**WHAT IS BEING ASKED:** Please transcribe the data below exactly. Leave the pictures out.

[DATASET EXTRACT Boundary: Start]

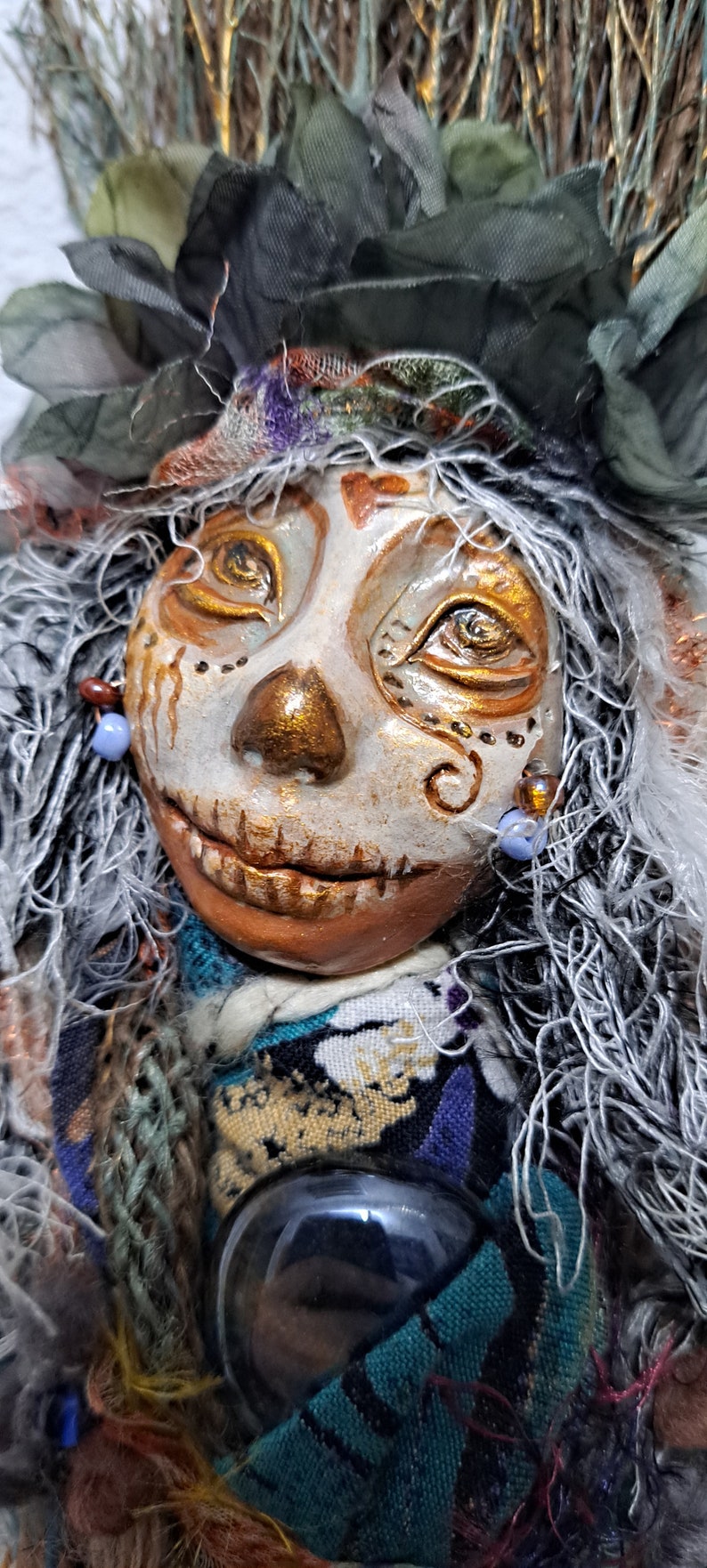 OOAK art doll, Evil eye protection. Sugar Skull image 4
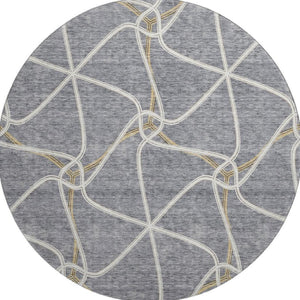 HomeRoots 8' Gray Gold And Ivory Geometric Round Rug – Washable, UV Protected, Stain Resistant & Non-Slip Design 675375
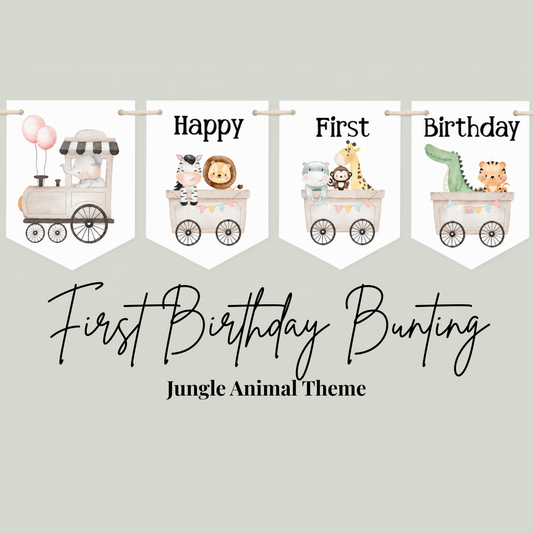 Jungle Animal First Birthday Bunting – Safari Elephant Birthday Banner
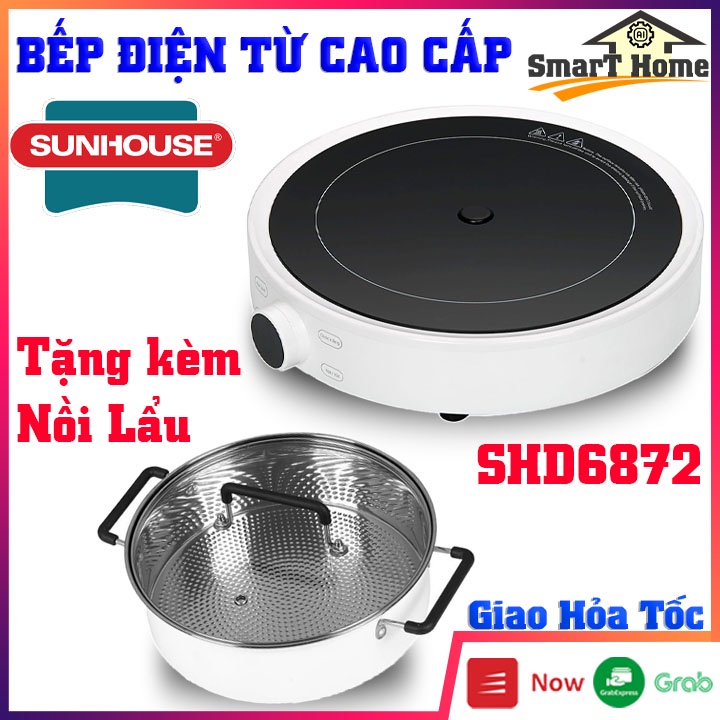 Bếp từ SUNHOUSE MAMA SHD6872 , Tặng Kèm Nồi Lẩu Bếp điện từ 9 mức nhiệt độ thay đổi tùy ý - Hàng Chính Hãng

[DATASET EXTRACT Boundary: End]

**RESULT FOR THIS EXERCISE:**
 OOAK art doll, Evil eye protection. Sugar Skull image 4
 HomeRoots 8' Gray Gold And Ivory Geometric Round Rug – Washable, UV Protected, Stain Resistant & Non-Slip Design 675375
 Jungle Animal First Birthday Bunting – Safari Elephant Birthday Banner
 Bếp từ SUNHOUSE MAMA SHD6872 , Tặng Kèm Nồi Lẩu Bếp điện từ 9 mức nhiệt độ thay đổi tùy ý - Hàng Chính Hãng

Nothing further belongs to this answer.